### [Problem]
Among the entries below, find the line with "Black Bear Temporary" and the line with "Athletic Polo in Stripe in Blue Jay". Return exactly those lines and every line between them, but no pictures.

### [Short descriptive text snippets]
● ● ●

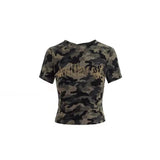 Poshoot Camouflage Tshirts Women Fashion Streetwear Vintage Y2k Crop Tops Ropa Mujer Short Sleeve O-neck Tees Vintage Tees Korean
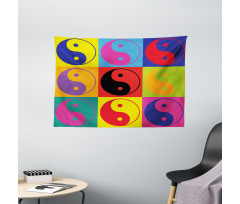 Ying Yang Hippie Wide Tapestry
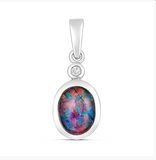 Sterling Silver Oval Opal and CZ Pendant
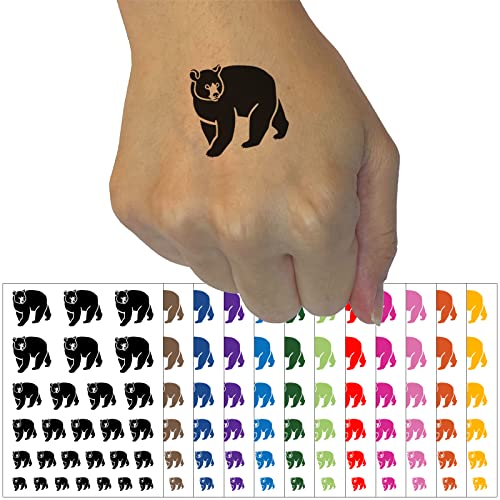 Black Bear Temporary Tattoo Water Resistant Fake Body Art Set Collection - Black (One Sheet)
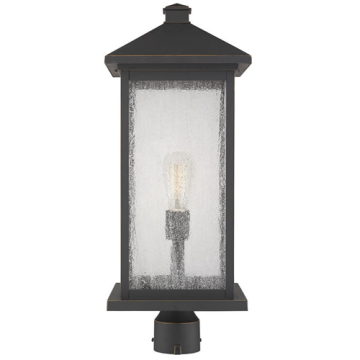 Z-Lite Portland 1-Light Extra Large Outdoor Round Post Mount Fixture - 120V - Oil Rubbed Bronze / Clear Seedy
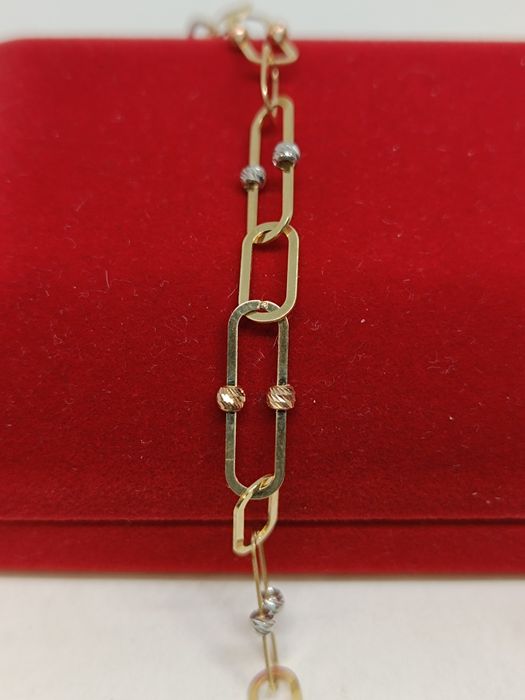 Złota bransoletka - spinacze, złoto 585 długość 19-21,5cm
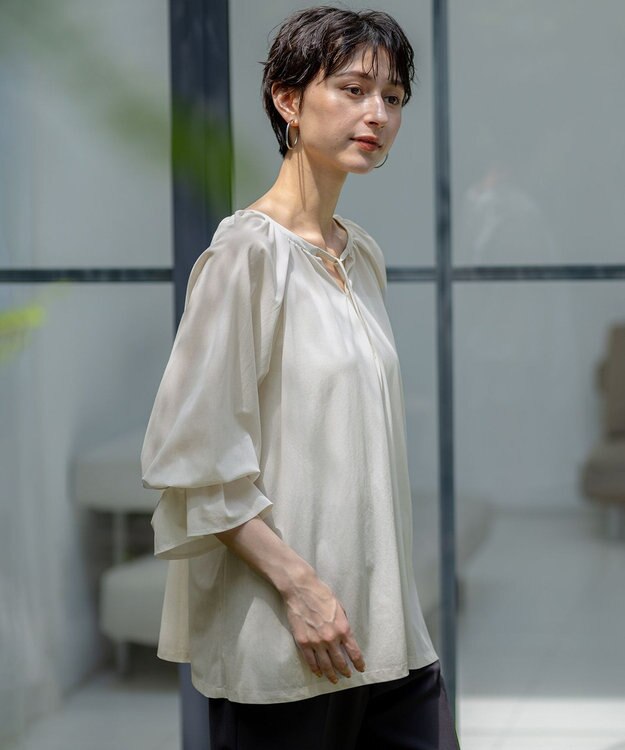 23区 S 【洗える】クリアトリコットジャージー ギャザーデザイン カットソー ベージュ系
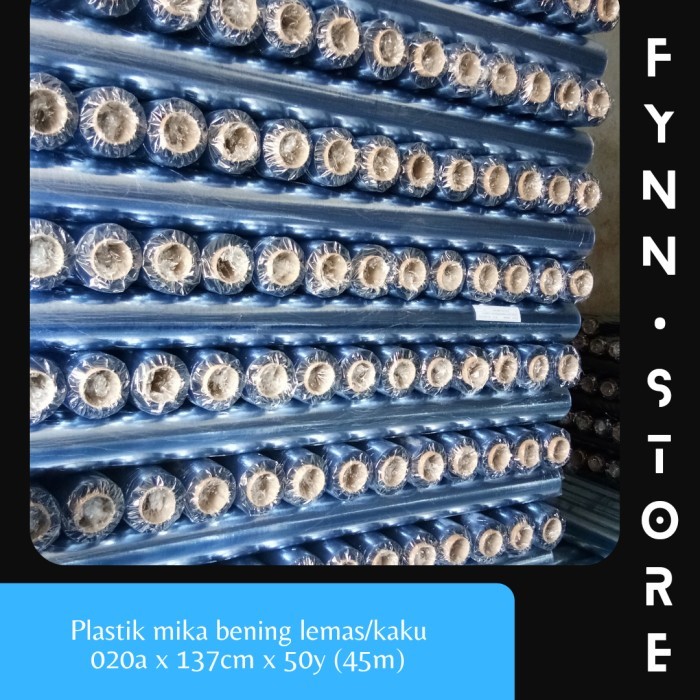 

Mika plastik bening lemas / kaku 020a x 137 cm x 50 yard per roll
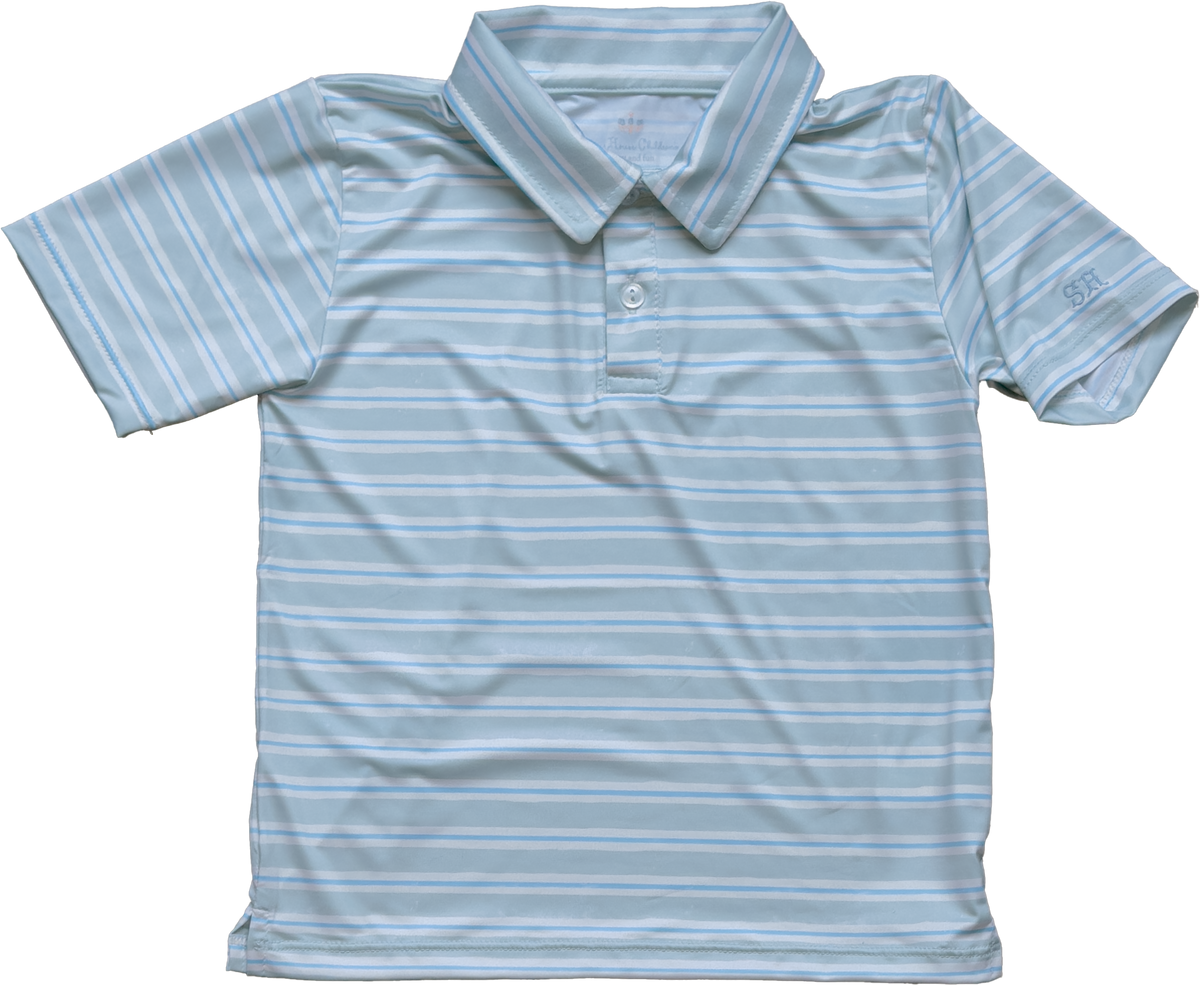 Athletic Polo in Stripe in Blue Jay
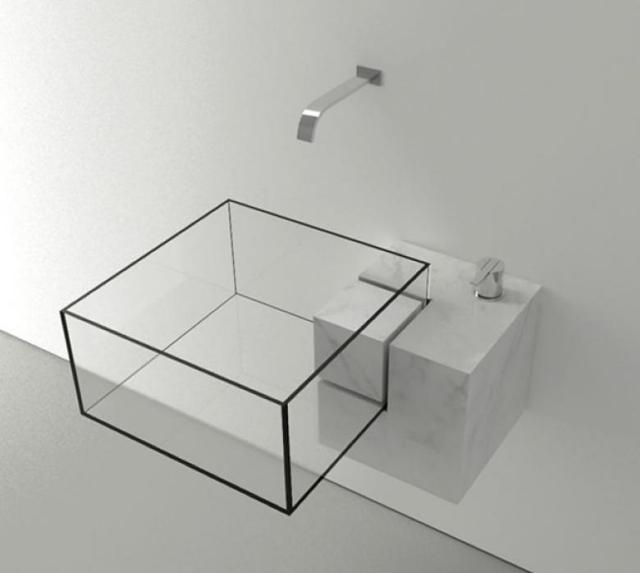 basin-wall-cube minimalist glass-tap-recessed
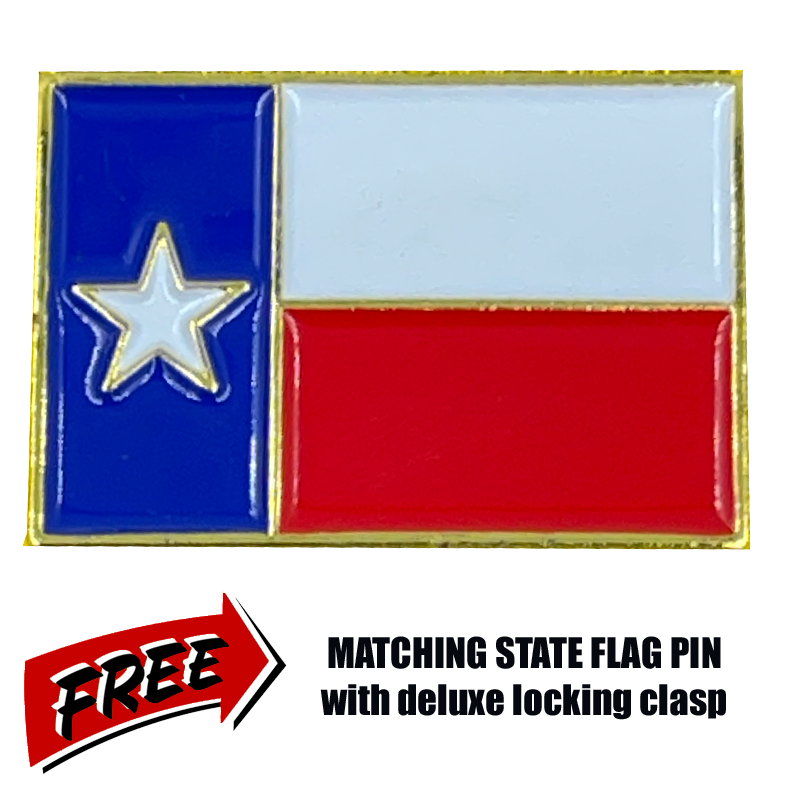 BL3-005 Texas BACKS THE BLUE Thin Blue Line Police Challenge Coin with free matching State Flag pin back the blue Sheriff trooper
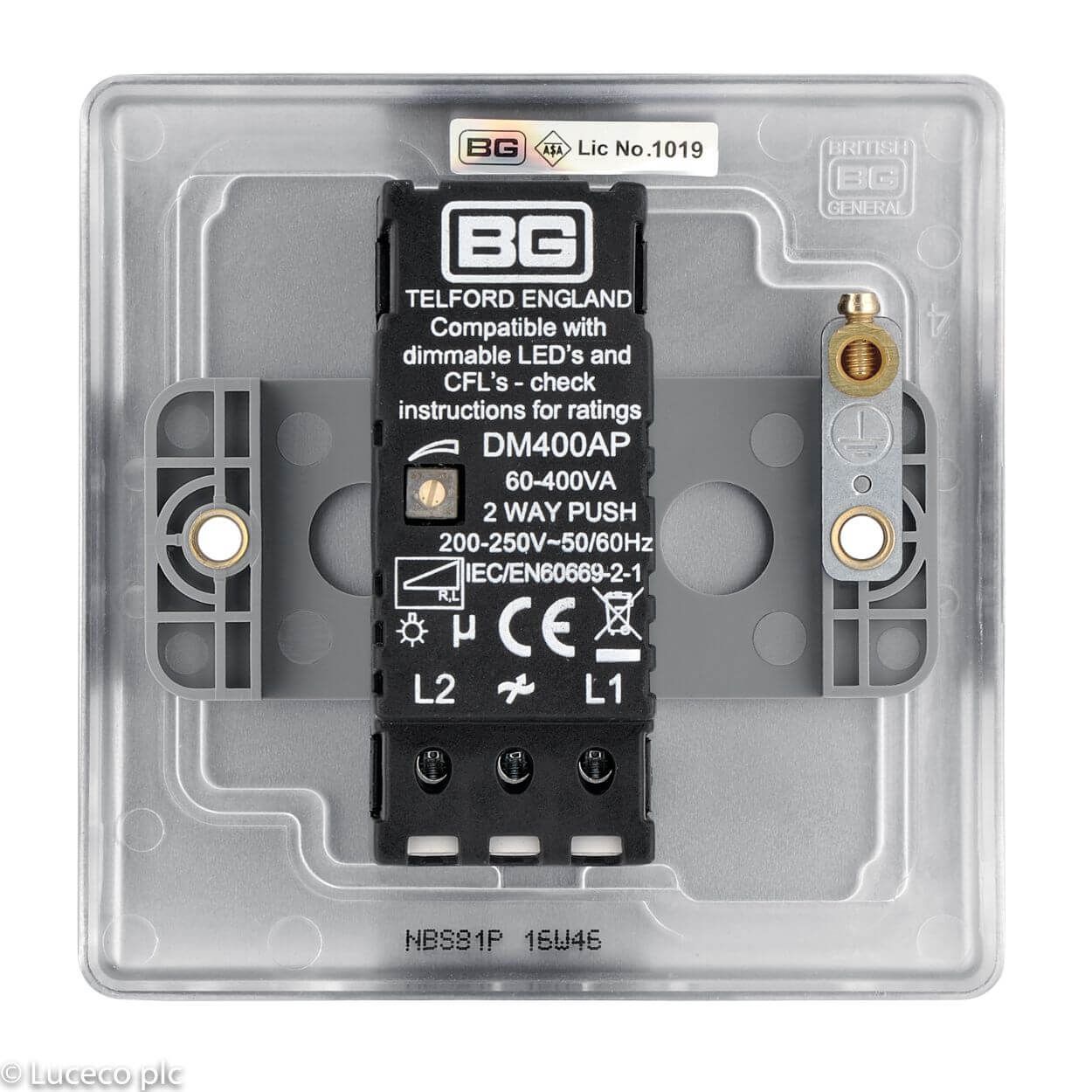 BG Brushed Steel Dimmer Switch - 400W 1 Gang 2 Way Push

● ● ●

### [Task solution]
 Black Bear Temporary Tattoo Water Resistant Fake Body Art Set Collection - Black (One Sheet)
 Z-Lite Portland 1-Light Extra Large Outdoor Round Post Mount Fixture - 120V - Oil Rubbed Bronze / Clear Seedy
 Złota bransoletka - spinacze, złoto 585 długość 19-21,5cm
 23区 S 【洗える】クリアトリコットジャージー ギャザーデザイン カットソー ベージュ系

Mika plastik bening lemas / kaku 020a x 137 cm x 50 yard per roll
 Athletic Polo in Stripe in Blue Jay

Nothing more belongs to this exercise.